Problem statement
From the records below, set down exactly the lines starting with the line that contains "bransoletki z kamieni" and going on through the line that contains "Gros plan détaillé". Nothing else is wanted.
***** Material for the task *****
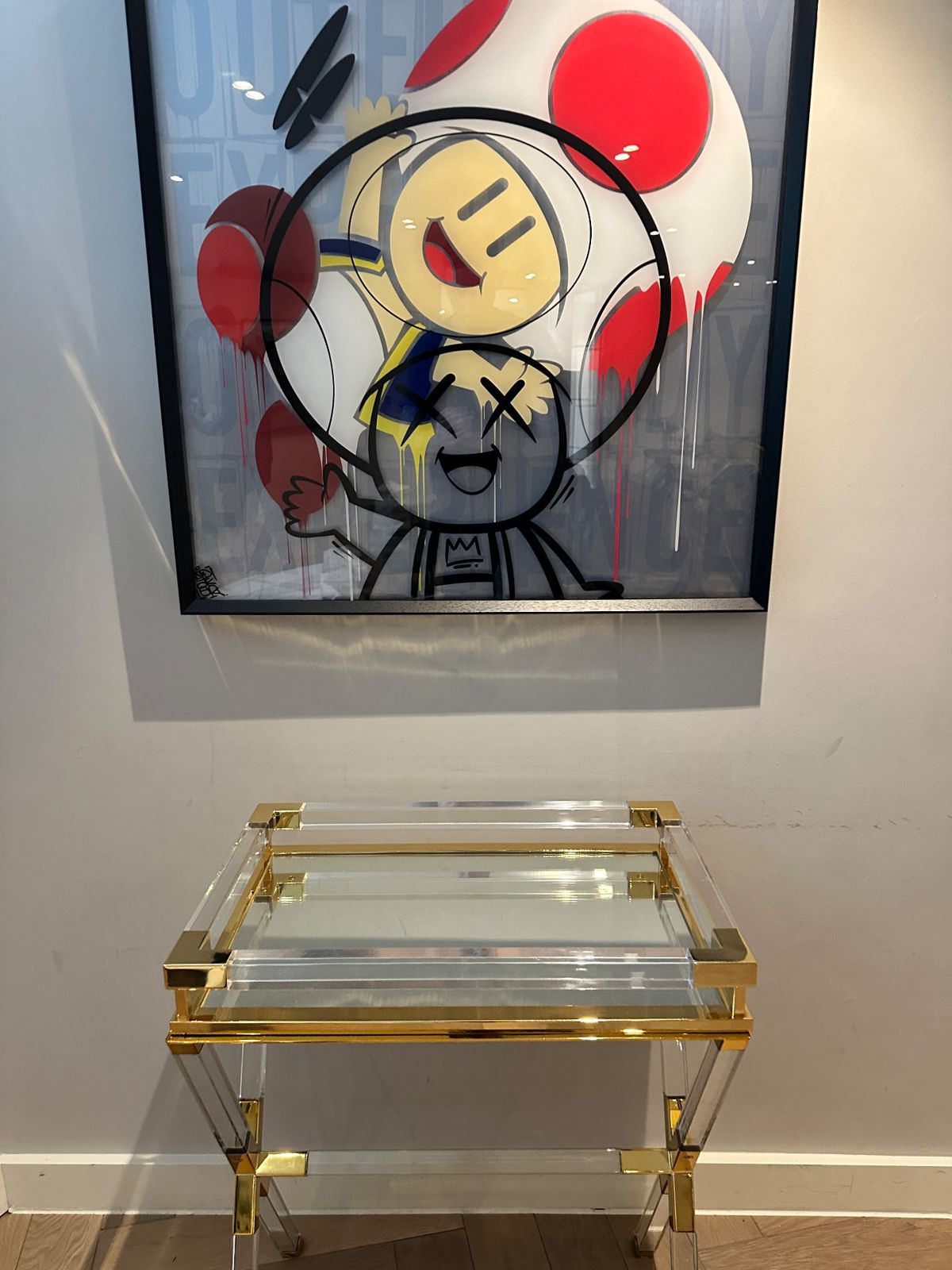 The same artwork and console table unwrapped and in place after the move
*****
***** Material for the task *****
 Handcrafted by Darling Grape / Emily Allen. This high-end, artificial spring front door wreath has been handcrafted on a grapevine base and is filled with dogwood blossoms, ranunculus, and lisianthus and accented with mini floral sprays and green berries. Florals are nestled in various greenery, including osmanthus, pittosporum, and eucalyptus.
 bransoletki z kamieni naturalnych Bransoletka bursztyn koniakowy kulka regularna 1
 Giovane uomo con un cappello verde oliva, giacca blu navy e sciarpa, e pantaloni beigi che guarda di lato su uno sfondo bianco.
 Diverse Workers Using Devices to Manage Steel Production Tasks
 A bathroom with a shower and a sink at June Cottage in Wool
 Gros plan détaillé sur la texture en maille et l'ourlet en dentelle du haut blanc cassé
*****
The completed task
 bransoletki z kamieni naturalnych Bransoletka bursztyn koniakowy kulka regularna 1
 Giovane uomo con un cappello verde oliva, giacca blu navy e sciarpa, e pantaloni beigi che guarda di lato su uno sfondo bianco.
 Diverse Workers Using Devices to Manage Steel Production Tasks
 A bathroom with a shower and a sink at June Cottage in Wool
 Gros plan détaillé sur la texture en maille et l'ourlet en dentelle du haut blanc cassé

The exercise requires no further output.